WORK INSTRUCTION:
A faithful copy of the data below is required, leaving out every picture.

═════ SUPPLIED DATA

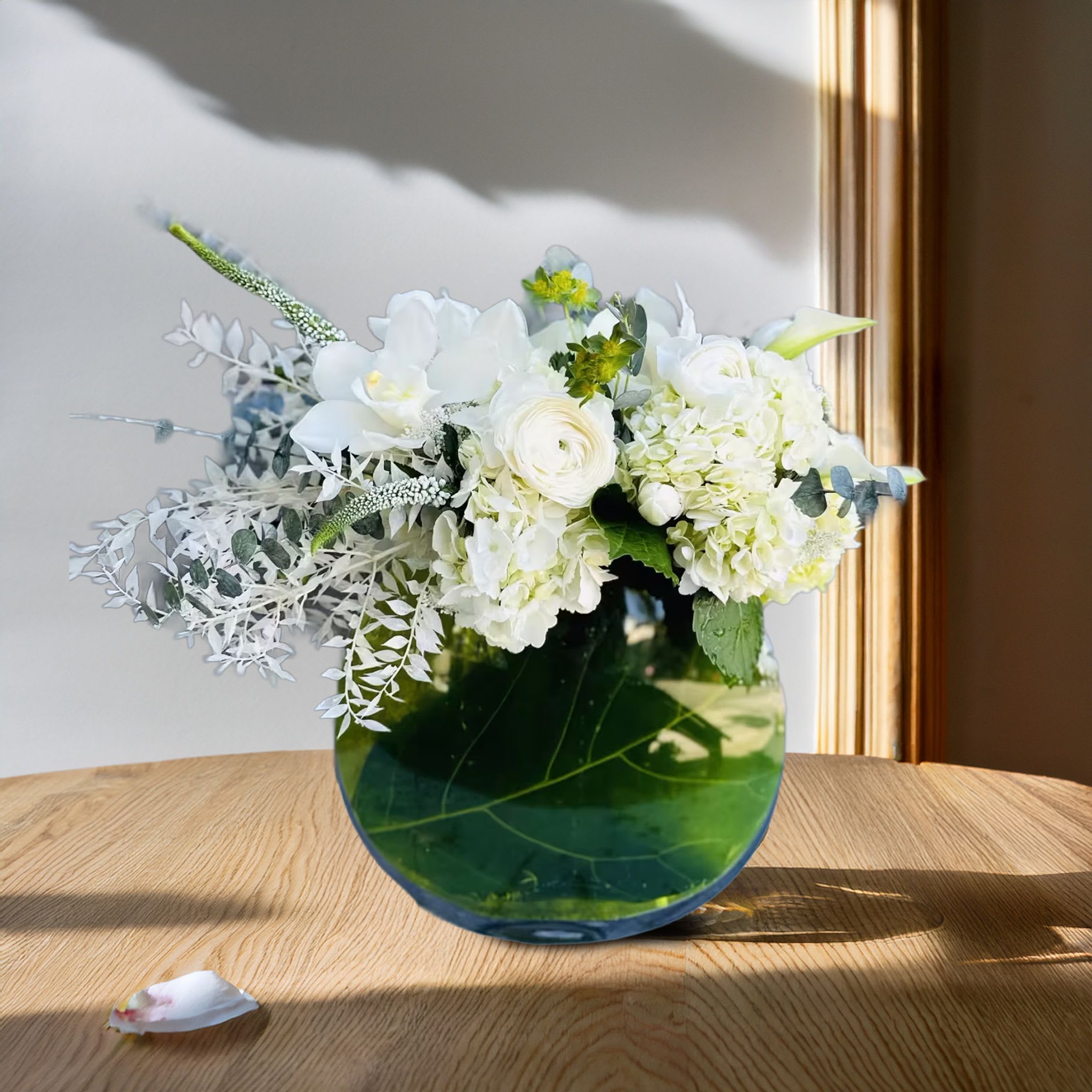 Fiddle Luxe <3 Fiddle Luxe <3 - Understated yet undeniably luxurious, this elegant all-white floral arrangement embodies refined sophistication and clean, modern design. Carefully arranged in a clear round glass vase lined with a broad green tropical leaf, this composition features a curated mix of white florals including hydrangeas, lisianthus, roses, snapdragons, and veronica. Delicate bleached ruscus adds a soft, ethereal texture that contrasts beautifully with the structured round shape of the vase and the dense clusters of blooms. The design is airy and serene, with a balanced silhouette that feels both minimal and full. Perfect for contemporary interiors, sympathy gestures, weddings, spa environments, or high-end hospitality suites, this arrangement is a go-to for clients seeking purity and elegance in floral form. Its clean palette and sophisticated styling make it ideal for art galleries, hotel lobbies, real estate showings, and editorial styling. Whether sent as a thoughtful gift or placed as a centerpiece, this design speaks of tranquility, grace, and elevated taste. Touch of Orchids LA offers same-day flower delivery across Los Angeles, including Beverly Hills, Brentwood, West Hollywood, Malibu, and Pasadena. This arrangement is a favorite for minimalist luxury gifting, corporate floral installations, and refined home accents.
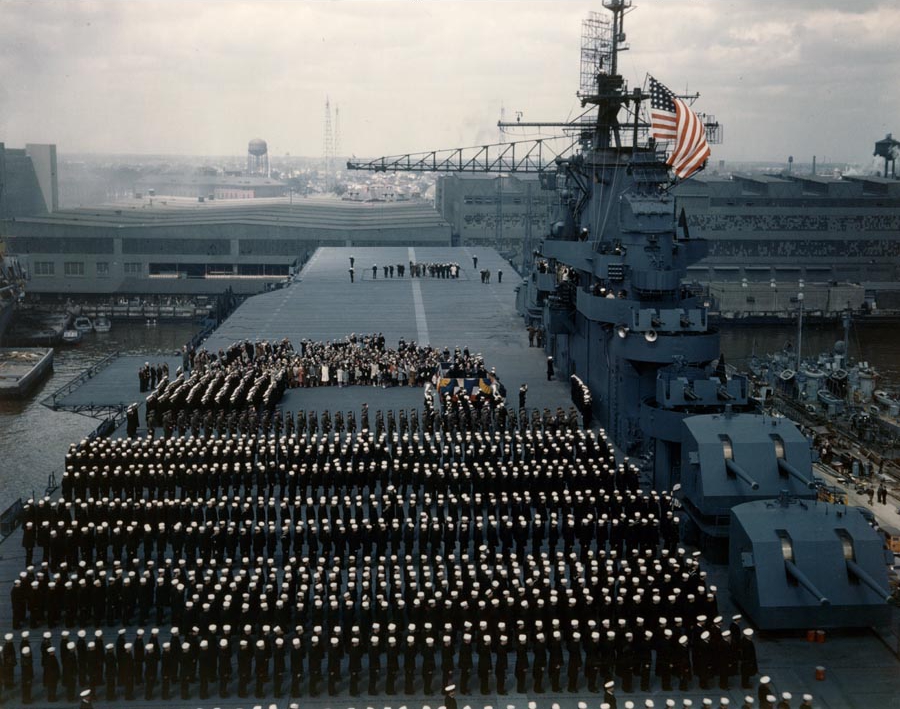 The colors being hoisted for the first time aboard the USS Yorktown (Essex-class) during the ship’s commissioning ceremonies, 15 Apr 1943 at Norfolk, Virginia, United States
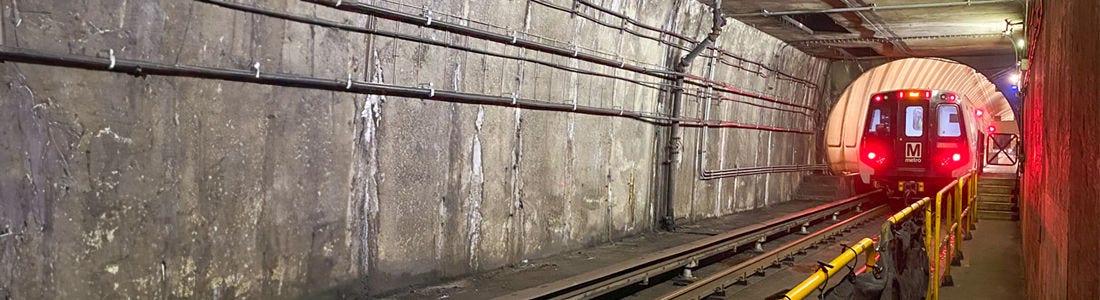 Red line train in tunnel.
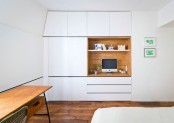 colorful-apartment-with-a-multi-functional-wall-unit-12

══════════

WRITTEN RESPONSE:
 Fiddle Luxe <3 Fiddle Luxe <3 - Understated yet undeniably luxurious, this elegant all-white floral arrangement embodies refined sophistication and clean, modern design. Carefully arranged in a clear round glass vase lined with a broad green tropical leaf, this composition features a curated mix of white florals including hydrangeas, lisianthus, roses, snapdragons, and veronica. Delicate bleached ruscus adds a soft, ethereal texture that contrasts beautifully with the structured round shape of the vase and the dense clusters of blooms. The design is airy and serene, with a balanced silhouette that feels both minimal and full. Perfect for contemporary interiors, sympathy gestures, weddings, spa environments, or high-end hospitality suites, this arrangement is a go-to for clients seeking purity and elegance in floral form. Its clean palette and sophisticated styling make it ideal for art galleries, hotel lobbies, real estate showings, and editorial styling. Whether sent as a thoughtful gift or placed as a centerpiece, this design speaks of tranquility, grace, and elevated taste. Touch of Orchids LA offers same-day flower delivery across Los Angeles, including Beverly Hills, Brentwood, West Hollywood, Malibu, and Pasadena. This arrangement is a favorite for minimalist luxury gifting, corporate floral installations, and refined home accents.
 The colors being hoisted for the first time aboard the USS Yorktown (Essex-class) during the ship’s commissioning ceremonies, 15 Apr 1943 at Norfolk, Virginia, United States
 Red line train in tunnel.
 colorful-apartment-with-a-multi-functional-wall-unit-12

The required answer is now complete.